Jill Abramson, executive editor of the New York Times, recently said “The idea that women journalists bring a different taste in stories or sensibility isn’t true.”
Really?
These are surprising remarks from the first woman to be placed at the top of the Times masthead. Still, we sympathize with her fantasy that gender doesn’t matter in journalism, and Ken Auletta’s story last year in the New Yorker offers a hint why Abramson would maintain this narrow-minded view. He reports:
When Eileen Shanahan, who went on to become a well-respected economics reporter, arrived for an interview with Clifton Daniel, the assistant managing editor, in 1962, she hid her desire to become an editor. “All I ever want is to be a reporter on the best newspaper in the world,” she told him.
“That’s good,” Daniel responded, as Shanahan told the story, “because I can assure you no woman will ever be an editor at the New York Times.”
You see, @JillAbramson is in a tough spot. She aligns her worldview with that of past senior editors, perhaps to show that as the Times‘ most powerful woman executive ever, she won’t subvert the patriarchy. If she were more frank about the gravity of being the Gray Lady’s first female executive editor, she’d likely pay a tall price. She’d:
- be attacked by her colleagues
- need to defend herself
- feel seduced away from her formal task of leading the newsroom, and ultimately
- waste her energy and be de-authorized in her role.
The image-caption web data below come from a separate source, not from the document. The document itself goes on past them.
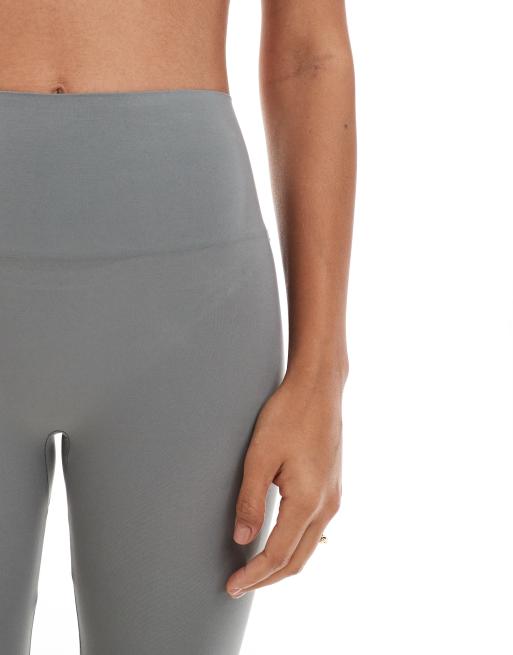 Vero Moda – Zielone bezszwowe legginsy, część zestawu, 4 z 5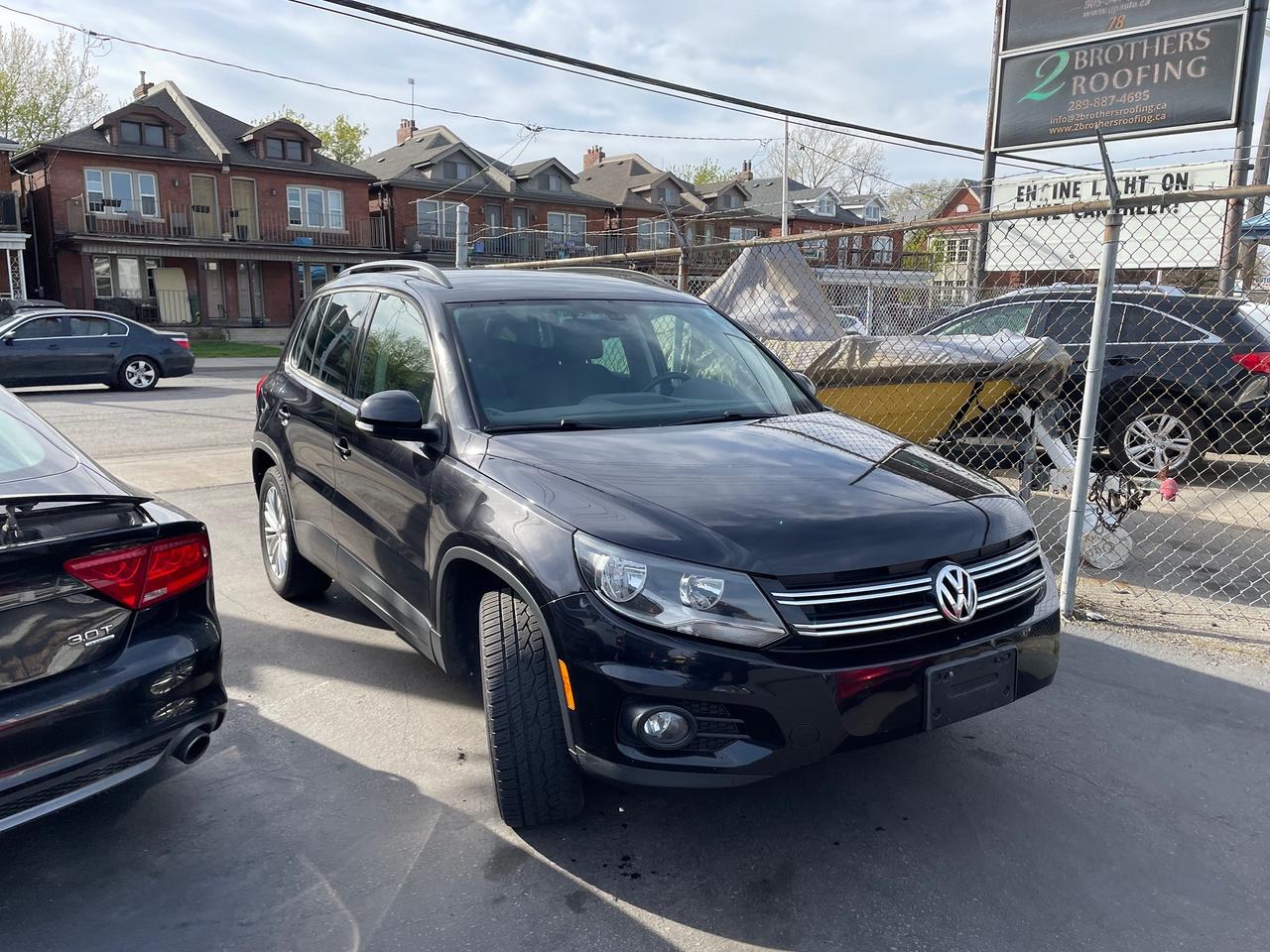 2016 Volkswagen Tiguan Comfortline *AWD, BACKUP CAM, HEATED SEATS* Photo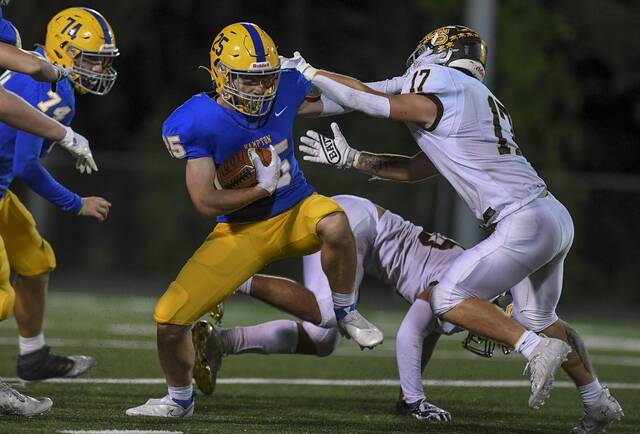 Hampton marches into WPIAL football playoffs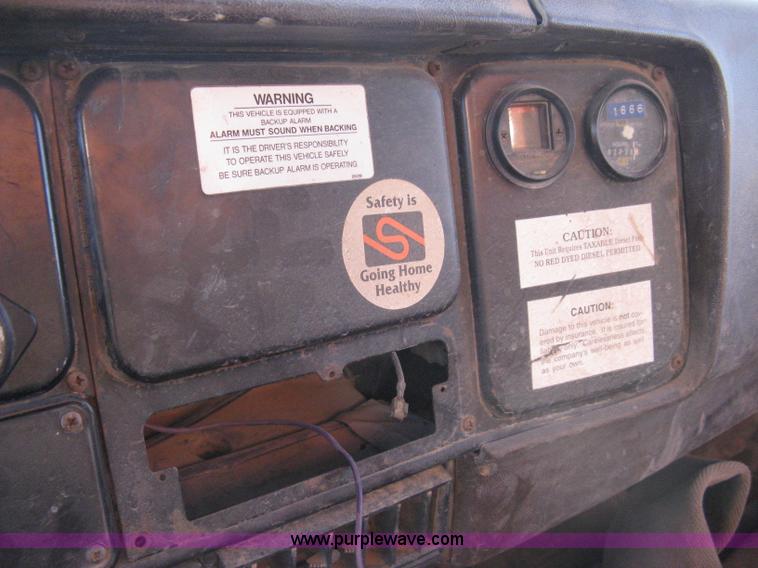 image for item 8017 1985 International F2674 water truck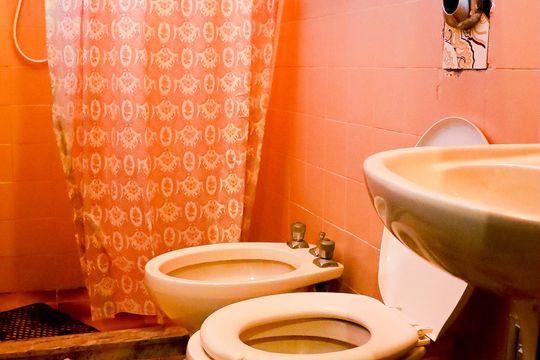 Banheiro da suíte de casa para alugar com 2 quartos, 150m² em Costa Azul, Rio das Ostras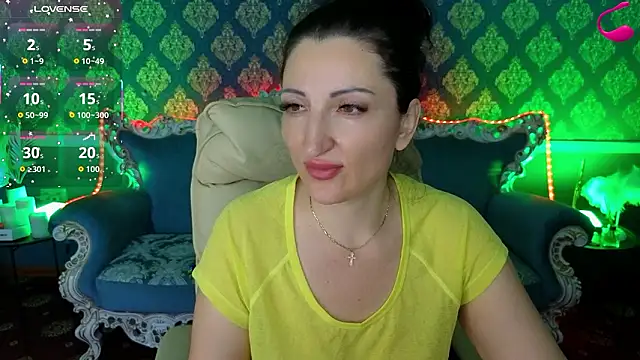 MissRossi online show from 03.17.26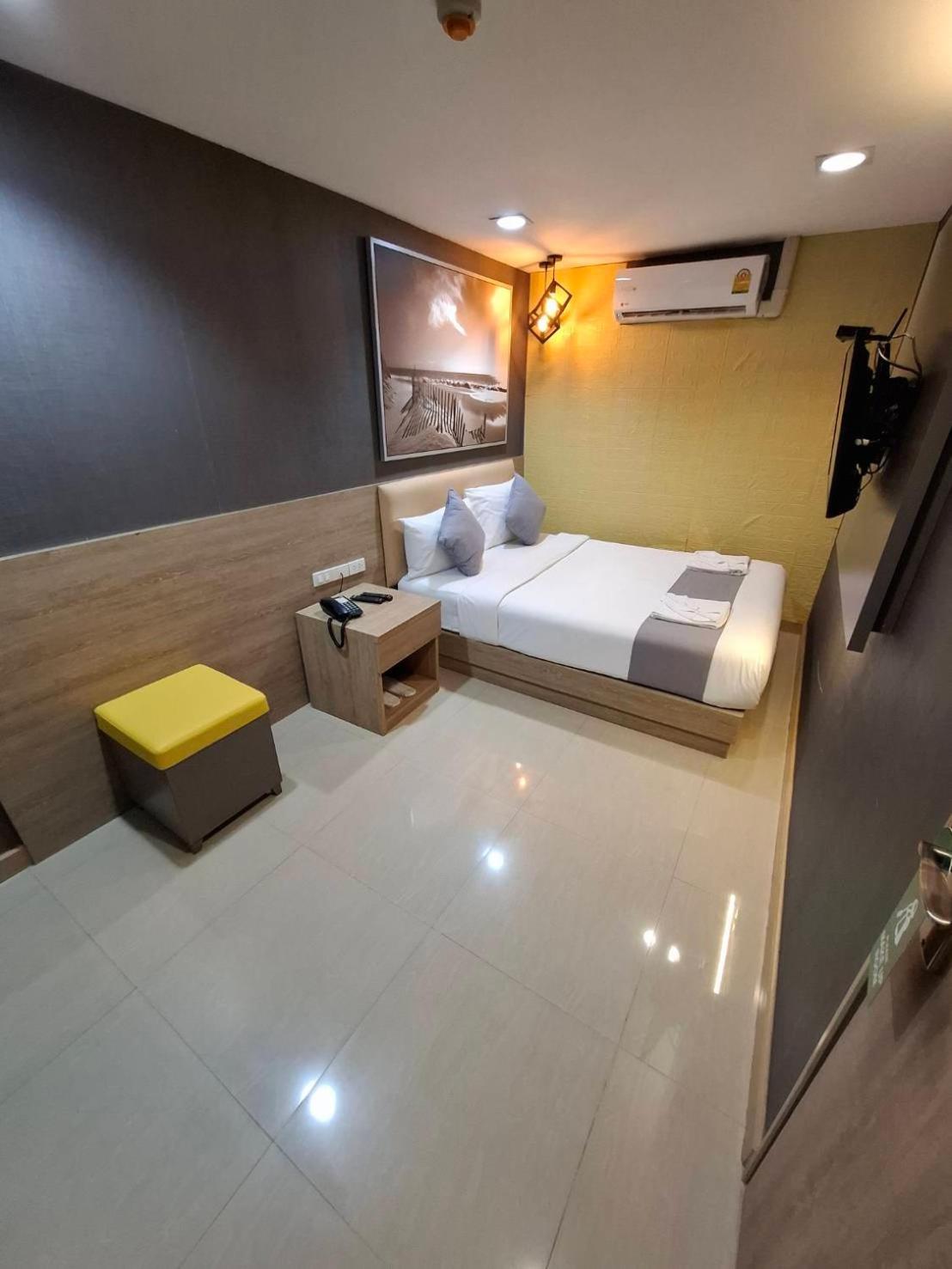 בנגקוק Pratunam19 Hotel מראה חיצוני תמונה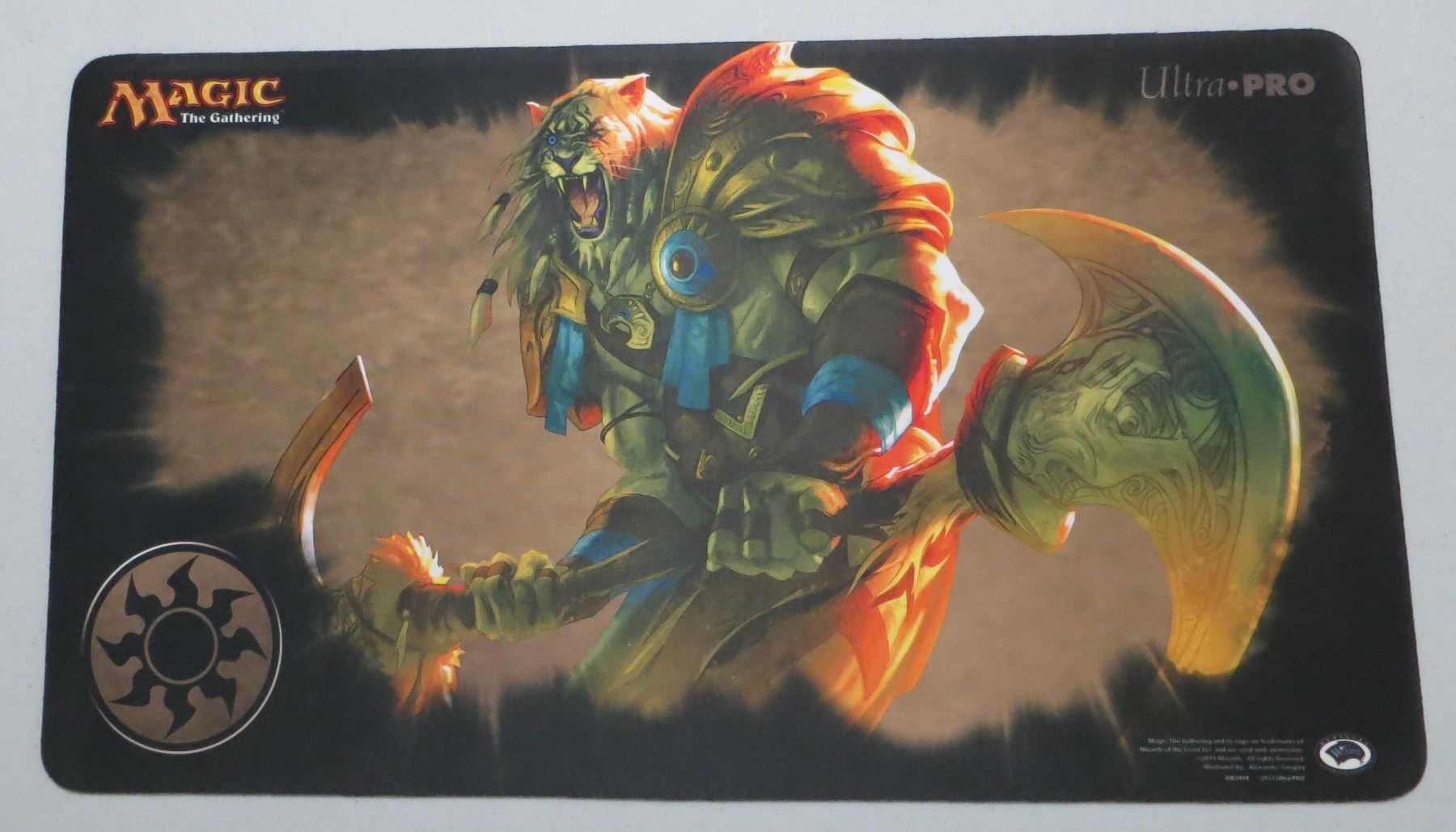 thumbnail image 2 of Magic: The Gathering Deck Box – Ajani Design (Brand New) 2 of 3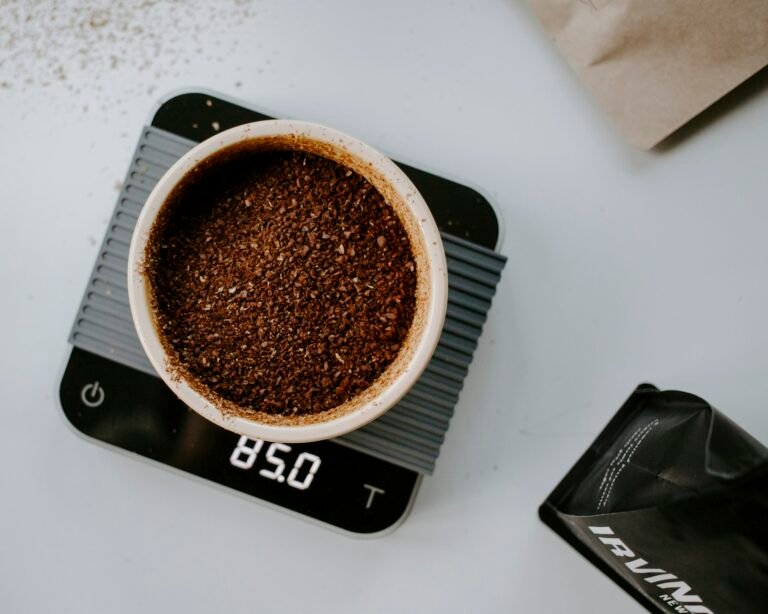 How to Use an Espresso Scale: Dose, Yield and Shot Time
An experience none of her predecessors faced on account of their gender.
And in being so politic, she misses the truth. What truth?
The Global Media Monitoring Project in 2010 explored the gender of voices in the world’s news media, and found women’s voices to be significantly underrepresented, “resulting in news that presents a male-centered view of the world.” The report then highlights some newsworthy conclusions:
- As persons interviewed or heard in the news, women remain lodged in the ‘ordinary’ people categories, in contrast to men who continue to predominate in the ‘expert’ categories.
- Stories by female reporters contain more female news subjects than stories by male reporters.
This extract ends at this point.